---------- DATA IN THIS EXERCISE ----------

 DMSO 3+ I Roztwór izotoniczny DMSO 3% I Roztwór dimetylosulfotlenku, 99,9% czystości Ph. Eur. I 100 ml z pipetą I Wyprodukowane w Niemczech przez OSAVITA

----------
---------- DATA IN THIS EXERCISE ----------

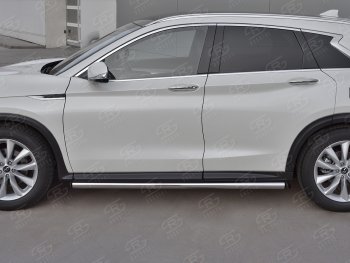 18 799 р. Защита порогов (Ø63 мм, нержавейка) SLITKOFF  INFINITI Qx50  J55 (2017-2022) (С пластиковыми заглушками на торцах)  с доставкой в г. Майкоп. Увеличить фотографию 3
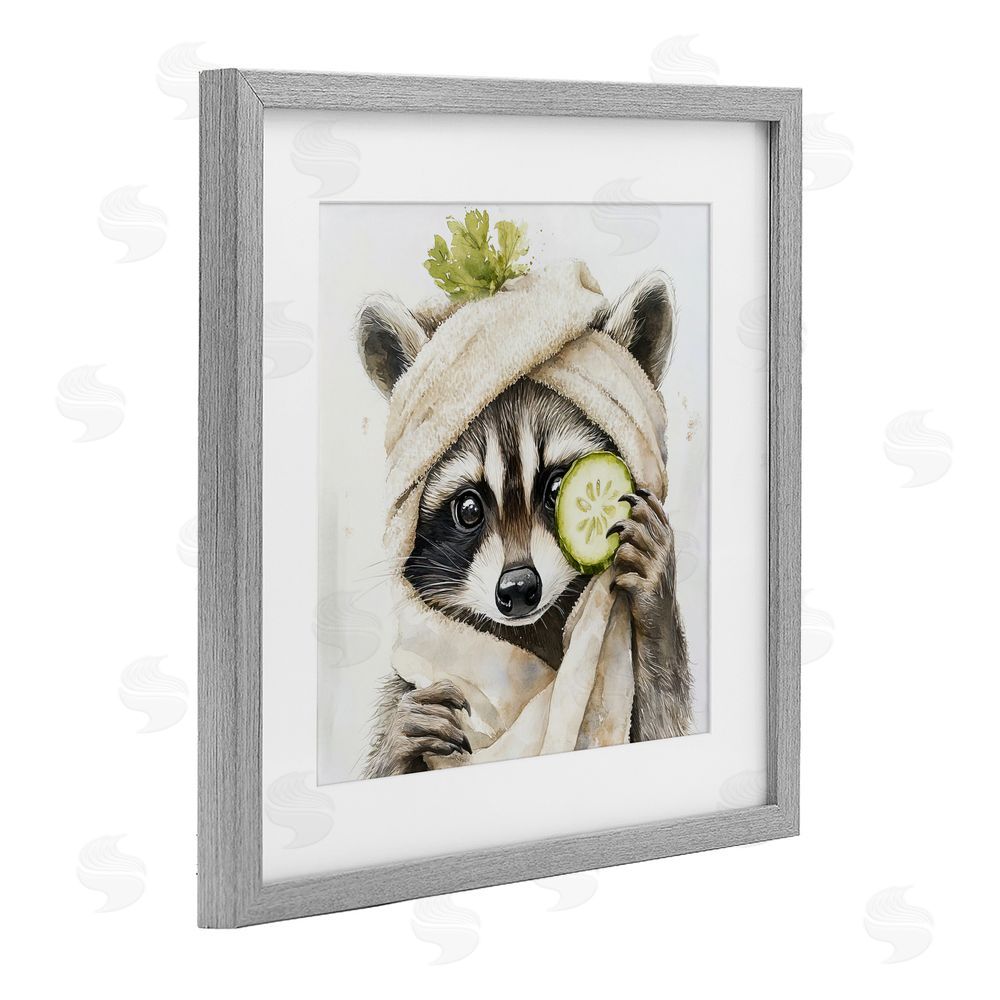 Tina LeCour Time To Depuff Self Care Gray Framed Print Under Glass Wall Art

----------

Each line above from the one containing "18 799 р. Защита" through the one containing "Tina LeCour Time" is to be returned verbatim. Nothing else, and no pictures.

 18 799 р. Защита порогов (Ø63 мм, нержавейка) SLITKOFF  INFINITI Qx50  J55 (2017-2022) (С пластиковыми заглушками на торцах)  с доставкой в г. Майкоп. Увеличить фотографию 3
 Tina LeCour Time To Depuff Self Care Gray Framed Print Under Glass Wall Art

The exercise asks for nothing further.